Backward Euler method for stochastic differential equations with non-Lipschitz coefficients driven by fractional Brownian motion

Abstract

We study the traditional backward Euler method for stochastic differential equation driven by fractional Brownian motion whose drift coefficient satisfies the one-sided Lipschitz condition. The backward Euler scheme is proved to be of order one and this rate is optimal by showing the asymptotic error distribution result. Numerical experiments are performed to validate our claims about the optimality of the rate of convergence.

7 Appendix

In this section, we consider the differential equation

$$\begin{aligned} x_{t} = x_{t_{0}} +\int _{t_{0}}^{t} b(s, x_{s}) {\text{ d }}s\,, \qquad t \ge t_0\,, \end{aligned}$$

(7.1)

where we assume that

1. (i)

   The function \(b: [t_0,\infty )\times {\mathbb {R}}^{m}\rightarrow {\mathbb {R}}^{m}\) is one-sided Lipschitz: there is a constant \(\kappa >0\) such that

   $$\begin{aligned} \langle x-y,~ b(s, x) - b(s, y) \rangle \le \kappa |x-y|^{2}\,, \qquad \forall x, y \in {\mathbb {R}}^{m} \text{ and } s\ge t_0\,. \end{aligned}$$
2. (ii)

   Both b and \(\partial b\) are continuous functions in \( [t_0,\infty )\times {\mathbb {R}}^{m}\). Here \(\partial b\) denotes by the Jacobian \(\frac{\partial b(s, x)}{\partial x}\) of b as we defined in Eq. (3.1).

Example 7.1

It is easy to show that the following two equations are examples of (7.1) and the conditions (i)–(ii) are satisfied.

1. (1)

   The equation

   $$\begin{aligned} y_{t}' = b(g_t+y_{t} ) \,, \end{aligned}$$

   where b is one-sided Lipschitz and g is a continuous function. In fact, in this case \(b(s, x)=b(g_s+x)\) and we have

   $$\begin{aligned} \langle x-y, b(s, x) - b(s, y) \rangle =&{} \langle (g_s+ x)-(g_s+ y), b(g_s+ x) - b(g_s+ y) \rangle \\\le&{} \kappa |x-y|^{2}\,, \qquad \forall x, y \in {\mathbb {R}}^{m} \text{ and } s\ge t_0\,. \end{aligned}$$
2. (2)

   The linear equation

   $$\begin{aligned} x_{t}' = U_{t} x_{t} \,, \end{aligned}$$

   where the eigenvalues of \(U_{t}\) are uniformly bounded for all \(t\ge 0\).
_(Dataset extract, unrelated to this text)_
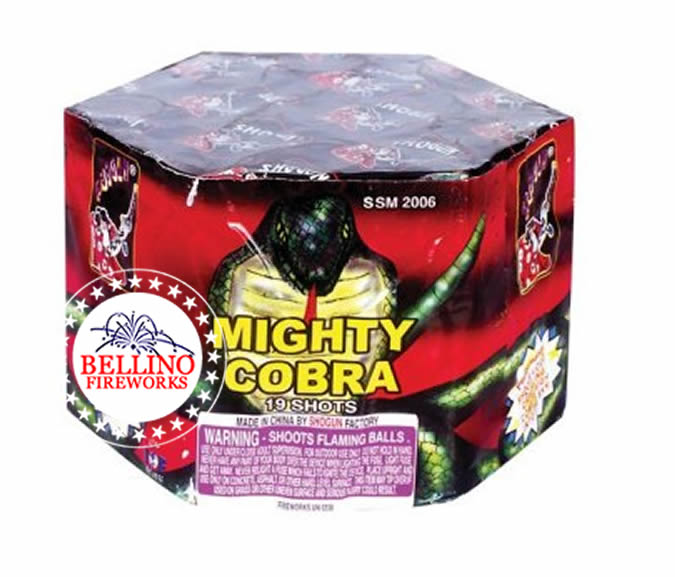 Mighty Cobra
The following existence and uniqueness results about Eq. (7.1) are mostly well-known. We did not find the exact explicit result for (7.1) in the literature and so we include a proof for the sake of completeness.

Proposition 7.1

There exists a unique solution x to Eq. (7.1), and the solution satisfies the relation

$$\begin{aligned} |x_{t} |^{2} \le \left( |x_{t_{0}}|^{2}+ \int _{t_{0}}^{t} |b(s, 0)|^{2}\textrm{d} s \right) \cdot e^{(2\kappa +1)(t-t_{0})}\,, \qquad \ t\in [t_0,\infty )\,. \end{aligned}$$

Proof

We start by defining

$$\begin{aligned} \tau = \sup \big \{ t: \text {there exists a solution to equation (7.1) on } [t_{0}, t] \big \}. \end{aligned}$$

We first note that by Peano’s theorem it is easy to see that \(\tau >t_{0}\). On the other hand, the one-sided Lipschitz condition implies that for any \(t<\tau \) there exists a unique solution on the interval \([t_{0}, t]\) (see e.g. [19, Lemma 12.1]).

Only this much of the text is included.